In the 1950s we thought that malaria could be wiped from the face of the Earth. Global deaths from the disease fell by ninety-five per cent in the wake of extensive mosquito-eradication programmes, and a third of the world’s population, living in previously malaria-stricken regions, are now free of the disease. But with the ban on the use of DDT for spraying inside houses malaria re-emerged. The mosquitoes soon became immune to other pesticides and in 2006 the World Health Organisation recommended the renewed use of DDT, despite concerns over its environmental effects. A billion-dollar grant from the health foundation of Bill and Melinda Gates has stimulated new initiatives, and a vaccine is in the pipeline. The results of the preliminary trials are promising. In the meantime malaria continues to kill a million people every year. Half the victims are children.
Not all parasites are the darkest of villains – some may even be beneficial. In the 1930s and 1940s patients suffering from syphilis-induced lunacy were deliberately given malaria. The infection was controlled with quinine and of 600 cases the mental state of almost half of them improved.
Parasites have cohabited with humans for millennia. Physiologically, we have usually come to a mutual understanding that allows both to thrive. Often infections in early life prepare the body’s immune system for future encounters. In developed countries, children raised in clean houses with no pets suffer more allergies and asthma than those who are brought up in less fastidious conditions. Even a parasite or two may be preferable. Twenty-four patients suffering with multiple sclerosis, half of whom had recently been diagnosed as having parasitic worms, were studied for five years. In those with worms the disease progressed more slowly and relapses were far less frequent than in the parasite-free group. Much larger-scale studies of Africans have indicated that people suffering with schistosomiasis rarely suffered from diabetes, rheumatoid arthritis or multiple sclerosis. These diseases, especially diabetes, are common and are increasing in developed countries. They are all autoimmune conditions in which the body’s defences attack its own tissues and organs.

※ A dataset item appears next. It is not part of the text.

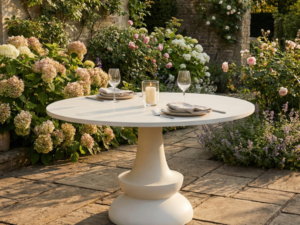 Procida Round Outdoor Dining Table - Natural White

Invading parasites are recognised as foreign bodies by regulatory immune cells, the ‘office managers’ of the body’s defence team. Their job is to marshal the host’s immune responses to repel boarders. Humans have always been parasitised, so the regulatory immune cells have been kept busy. Perhaps now, with our ‘old companions’ eliminated, the under-employed immune cells may go into overdrive and cause autoimmune diseases.
On the other hand, parasites may enable us to control some conditions. In the laboratory, extracts of blood flukes have enabled diabetes-prone mice to stay free of the disease. It raises the possibility of a similar drug for people, to combat the scourge of diabetes. A trial with patients suffering from inflammatory bowel disease indicated that regular dosing with parasitic whipworms eliminated the symptoms.
Inflammation and allergies are usually triggered by an excessive immune response. Whipworms, flukes and hookworms survive within us by damping down our immune response that should attack them. John Turton, working at a medical research laboratory in England, relieved his hay fever for two summers by deliberately infecting himself with hookworms. When he got rid of the parasites his allergy returned.
Summer-holiday preparations may never be the same again: suntan lotion, insect repellent, dose of hookworms …
A male blood fluke lovingly enfolds an unsuspecting female.